ACTION ITEM: Only lines containing "Saturday" belong in the answer, each copied from the entries below.
DATA EXTRACTS Start Marker
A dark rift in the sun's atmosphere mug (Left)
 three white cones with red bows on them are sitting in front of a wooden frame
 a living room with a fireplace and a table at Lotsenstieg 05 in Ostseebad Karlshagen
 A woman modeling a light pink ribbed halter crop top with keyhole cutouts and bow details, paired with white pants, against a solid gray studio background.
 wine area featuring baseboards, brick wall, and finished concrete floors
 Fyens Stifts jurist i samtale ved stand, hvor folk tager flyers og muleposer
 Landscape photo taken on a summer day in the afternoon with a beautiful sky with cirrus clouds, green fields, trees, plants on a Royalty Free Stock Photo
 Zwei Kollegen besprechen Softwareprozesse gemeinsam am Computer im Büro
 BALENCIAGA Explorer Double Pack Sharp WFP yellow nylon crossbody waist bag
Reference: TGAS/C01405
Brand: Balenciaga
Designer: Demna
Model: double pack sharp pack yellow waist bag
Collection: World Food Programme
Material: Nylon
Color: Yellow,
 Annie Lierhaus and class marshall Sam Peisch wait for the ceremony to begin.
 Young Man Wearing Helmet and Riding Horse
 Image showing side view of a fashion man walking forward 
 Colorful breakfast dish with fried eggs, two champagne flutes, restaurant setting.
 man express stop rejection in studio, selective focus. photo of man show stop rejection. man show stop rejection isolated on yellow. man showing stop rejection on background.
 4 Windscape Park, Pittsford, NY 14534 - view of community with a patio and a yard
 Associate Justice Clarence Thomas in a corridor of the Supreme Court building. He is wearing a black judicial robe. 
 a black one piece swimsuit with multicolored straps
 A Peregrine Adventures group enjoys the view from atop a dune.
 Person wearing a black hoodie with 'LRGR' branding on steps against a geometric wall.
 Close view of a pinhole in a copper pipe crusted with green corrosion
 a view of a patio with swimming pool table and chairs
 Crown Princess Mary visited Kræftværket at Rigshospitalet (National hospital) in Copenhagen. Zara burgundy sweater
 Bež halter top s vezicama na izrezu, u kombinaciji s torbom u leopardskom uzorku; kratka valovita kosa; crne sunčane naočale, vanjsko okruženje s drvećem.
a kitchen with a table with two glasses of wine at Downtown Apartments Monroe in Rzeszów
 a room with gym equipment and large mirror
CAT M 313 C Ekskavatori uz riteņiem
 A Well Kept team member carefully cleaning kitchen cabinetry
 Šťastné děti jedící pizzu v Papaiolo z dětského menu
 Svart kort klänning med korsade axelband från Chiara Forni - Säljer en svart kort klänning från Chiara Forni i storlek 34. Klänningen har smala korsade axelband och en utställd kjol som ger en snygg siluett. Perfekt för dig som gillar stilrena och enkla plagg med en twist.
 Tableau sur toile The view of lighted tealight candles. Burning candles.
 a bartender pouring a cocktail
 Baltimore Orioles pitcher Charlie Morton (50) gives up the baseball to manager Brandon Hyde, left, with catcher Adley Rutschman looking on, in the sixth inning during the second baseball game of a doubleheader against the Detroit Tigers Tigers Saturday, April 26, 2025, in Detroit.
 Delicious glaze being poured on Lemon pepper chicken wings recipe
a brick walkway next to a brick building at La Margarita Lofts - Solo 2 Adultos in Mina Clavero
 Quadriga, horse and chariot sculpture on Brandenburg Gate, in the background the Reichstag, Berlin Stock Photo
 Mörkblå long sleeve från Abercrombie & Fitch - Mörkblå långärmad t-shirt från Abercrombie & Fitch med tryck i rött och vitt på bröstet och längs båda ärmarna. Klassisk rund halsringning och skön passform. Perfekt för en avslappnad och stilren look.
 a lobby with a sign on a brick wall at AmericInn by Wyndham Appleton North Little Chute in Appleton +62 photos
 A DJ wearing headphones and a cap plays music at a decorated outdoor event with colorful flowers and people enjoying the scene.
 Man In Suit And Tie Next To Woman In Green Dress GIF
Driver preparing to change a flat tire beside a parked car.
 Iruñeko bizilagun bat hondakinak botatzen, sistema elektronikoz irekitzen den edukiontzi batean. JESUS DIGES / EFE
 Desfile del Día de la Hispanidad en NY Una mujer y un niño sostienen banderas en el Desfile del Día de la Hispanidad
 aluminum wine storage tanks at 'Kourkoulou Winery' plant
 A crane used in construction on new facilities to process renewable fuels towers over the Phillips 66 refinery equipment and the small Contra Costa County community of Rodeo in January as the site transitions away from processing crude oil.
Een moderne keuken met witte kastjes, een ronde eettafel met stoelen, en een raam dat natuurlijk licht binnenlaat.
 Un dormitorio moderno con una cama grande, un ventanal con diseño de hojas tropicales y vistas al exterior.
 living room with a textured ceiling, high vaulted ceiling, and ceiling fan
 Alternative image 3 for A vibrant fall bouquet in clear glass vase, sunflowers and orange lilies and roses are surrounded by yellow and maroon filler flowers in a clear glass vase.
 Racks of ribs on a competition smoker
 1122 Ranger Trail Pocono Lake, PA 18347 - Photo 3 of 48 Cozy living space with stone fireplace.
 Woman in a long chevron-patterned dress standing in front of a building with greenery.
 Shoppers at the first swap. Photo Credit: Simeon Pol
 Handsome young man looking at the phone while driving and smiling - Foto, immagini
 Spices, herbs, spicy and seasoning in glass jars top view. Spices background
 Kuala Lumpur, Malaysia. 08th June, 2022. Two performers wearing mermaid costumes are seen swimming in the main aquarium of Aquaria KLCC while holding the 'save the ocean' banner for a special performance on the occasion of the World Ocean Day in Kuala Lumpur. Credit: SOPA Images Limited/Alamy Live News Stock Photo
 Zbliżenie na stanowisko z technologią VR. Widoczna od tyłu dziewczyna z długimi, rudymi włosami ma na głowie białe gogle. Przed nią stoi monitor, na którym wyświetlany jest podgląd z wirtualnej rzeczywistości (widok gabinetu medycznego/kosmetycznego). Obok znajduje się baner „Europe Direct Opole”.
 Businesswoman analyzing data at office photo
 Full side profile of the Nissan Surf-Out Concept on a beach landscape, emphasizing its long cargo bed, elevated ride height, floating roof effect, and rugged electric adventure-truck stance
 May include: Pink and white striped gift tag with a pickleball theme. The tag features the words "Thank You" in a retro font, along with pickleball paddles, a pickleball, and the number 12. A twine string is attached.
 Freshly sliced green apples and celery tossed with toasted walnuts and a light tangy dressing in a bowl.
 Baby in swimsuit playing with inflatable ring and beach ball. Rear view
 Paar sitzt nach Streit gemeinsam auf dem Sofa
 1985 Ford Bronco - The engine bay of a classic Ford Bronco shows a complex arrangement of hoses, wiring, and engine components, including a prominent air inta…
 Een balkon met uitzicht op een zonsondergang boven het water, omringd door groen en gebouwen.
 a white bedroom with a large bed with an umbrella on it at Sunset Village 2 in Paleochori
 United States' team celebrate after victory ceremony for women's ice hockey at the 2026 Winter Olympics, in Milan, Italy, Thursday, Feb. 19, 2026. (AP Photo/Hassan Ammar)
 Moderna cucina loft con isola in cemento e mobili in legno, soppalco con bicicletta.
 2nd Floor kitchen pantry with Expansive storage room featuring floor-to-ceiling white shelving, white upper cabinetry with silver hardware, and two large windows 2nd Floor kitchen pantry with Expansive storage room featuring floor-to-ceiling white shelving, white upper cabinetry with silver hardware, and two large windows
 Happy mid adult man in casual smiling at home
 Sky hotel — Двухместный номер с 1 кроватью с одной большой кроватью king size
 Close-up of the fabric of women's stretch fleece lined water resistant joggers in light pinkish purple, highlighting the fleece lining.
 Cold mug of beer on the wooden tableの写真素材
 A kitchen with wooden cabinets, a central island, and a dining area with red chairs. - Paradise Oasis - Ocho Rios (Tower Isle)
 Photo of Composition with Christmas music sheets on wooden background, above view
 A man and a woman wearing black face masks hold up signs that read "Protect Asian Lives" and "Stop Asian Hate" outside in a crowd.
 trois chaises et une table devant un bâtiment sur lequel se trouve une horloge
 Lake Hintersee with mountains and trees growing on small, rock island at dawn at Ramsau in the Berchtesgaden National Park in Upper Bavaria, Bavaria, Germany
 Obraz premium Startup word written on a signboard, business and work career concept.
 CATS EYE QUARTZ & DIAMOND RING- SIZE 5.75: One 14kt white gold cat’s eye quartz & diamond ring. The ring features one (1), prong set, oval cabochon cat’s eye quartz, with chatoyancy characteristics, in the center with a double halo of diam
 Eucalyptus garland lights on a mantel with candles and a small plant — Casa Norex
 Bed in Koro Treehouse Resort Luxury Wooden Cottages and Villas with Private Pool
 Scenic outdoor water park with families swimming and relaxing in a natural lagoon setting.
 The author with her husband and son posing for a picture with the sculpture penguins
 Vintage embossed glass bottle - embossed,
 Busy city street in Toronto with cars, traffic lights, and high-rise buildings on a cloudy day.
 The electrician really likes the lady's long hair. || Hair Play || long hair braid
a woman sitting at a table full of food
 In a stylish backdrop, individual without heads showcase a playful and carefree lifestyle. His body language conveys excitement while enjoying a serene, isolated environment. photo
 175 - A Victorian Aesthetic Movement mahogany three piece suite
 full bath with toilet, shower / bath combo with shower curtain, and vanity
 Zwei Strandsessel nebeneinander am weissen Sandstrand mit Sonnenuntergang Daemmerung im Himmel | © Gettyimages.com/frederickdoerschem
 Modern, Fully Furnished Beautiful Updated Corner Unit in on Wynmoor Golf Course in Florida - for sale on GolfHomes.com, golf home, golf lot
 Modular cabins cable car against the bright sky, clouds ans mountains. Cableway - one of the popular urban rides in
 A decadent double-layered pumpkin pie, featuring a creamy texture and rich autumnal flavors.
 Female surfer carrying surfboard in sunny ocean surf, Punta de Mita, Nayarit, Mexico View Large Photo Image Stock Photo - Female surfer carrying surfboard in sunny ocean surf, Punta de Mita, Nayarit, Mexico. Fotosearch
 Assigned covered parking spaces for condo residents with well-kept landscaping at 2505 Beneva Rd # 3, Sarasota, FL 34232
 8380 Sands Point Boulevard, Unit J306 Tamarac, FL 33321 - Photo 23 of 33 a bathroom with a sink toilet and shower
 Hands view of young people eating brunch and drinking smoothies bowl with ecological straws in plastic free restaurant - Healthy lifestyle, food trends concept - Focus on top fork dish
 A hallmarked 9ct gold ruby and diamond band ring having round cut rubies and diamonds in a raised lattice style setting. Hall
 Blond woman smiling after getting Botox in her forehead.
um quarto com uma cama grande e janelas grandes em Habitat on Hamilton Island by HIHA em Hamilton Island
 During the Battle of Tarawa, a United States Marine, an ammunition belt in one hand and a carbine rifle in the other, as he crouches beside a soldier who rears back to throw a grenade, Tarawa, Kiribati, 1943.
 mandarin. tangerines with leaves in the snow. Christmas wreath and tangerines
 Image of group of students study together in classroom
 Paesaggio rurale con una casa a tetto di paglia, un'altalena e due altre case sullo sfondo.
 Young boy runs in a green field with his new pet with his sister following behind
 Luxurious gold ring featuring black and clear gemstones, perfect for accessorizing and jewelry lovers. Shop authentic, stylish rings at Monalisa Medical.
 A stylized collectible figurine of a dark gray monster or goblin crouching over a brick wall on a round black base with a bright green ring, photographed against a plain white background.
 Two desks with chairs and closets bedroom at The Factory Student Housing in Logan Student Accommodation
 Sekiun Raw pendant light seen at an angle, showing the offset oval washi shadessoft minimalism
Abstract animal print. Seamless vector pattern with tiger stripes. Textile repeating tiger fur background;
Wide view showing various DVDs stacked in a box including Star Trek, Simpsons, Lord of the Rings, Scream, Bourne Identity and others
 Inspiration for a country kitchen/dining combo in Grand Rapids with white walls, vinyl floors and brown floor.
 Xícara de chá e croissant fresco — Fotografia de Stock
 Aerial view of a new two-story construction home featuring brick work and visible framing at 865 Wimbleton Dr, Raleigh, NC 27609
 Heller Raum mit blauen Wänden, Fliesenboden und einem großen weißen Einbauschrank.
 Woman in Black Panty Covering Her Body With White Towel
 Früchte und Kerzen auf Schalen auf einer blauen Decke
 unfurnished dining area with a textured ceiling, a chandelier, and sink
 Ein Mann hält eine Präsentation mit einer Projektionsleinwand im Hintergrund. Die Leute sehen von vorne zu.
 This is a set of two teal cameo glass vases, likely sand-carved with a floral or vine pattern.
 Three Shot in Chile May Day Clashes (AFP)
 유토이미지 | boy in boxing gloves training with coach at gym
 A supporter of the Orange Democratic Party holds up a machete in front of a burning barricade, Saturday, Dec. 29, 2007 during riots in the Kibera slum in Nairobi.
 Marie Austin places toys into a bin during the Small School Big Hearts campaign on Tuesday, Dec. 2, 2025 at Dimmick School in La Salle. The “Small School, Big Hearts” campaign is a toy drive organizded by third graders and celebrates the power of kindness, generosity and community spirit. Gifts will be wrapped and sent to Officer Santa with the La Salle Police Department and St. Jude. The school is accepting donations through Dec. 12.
DATA EXTRACTS End Marker
ANSWER TO THIS TASK:
 Baltimore Orioles pitcher Charlie Morton (50) gives up the baseball to manager Brandon Hyde, left, with catcher Adley Rutschman looking on, in the sixth inning during the second baseball game of a doubleheader against the Detroit Tigers Tigers Saturday, April 26, 2025, in Detroit.
 A supporter of the Orange Democratic Party holds up a machete in front of a burning barricade, Saturday, Dec. 29, 2007 during riots in the Kibera slum in Nairobi.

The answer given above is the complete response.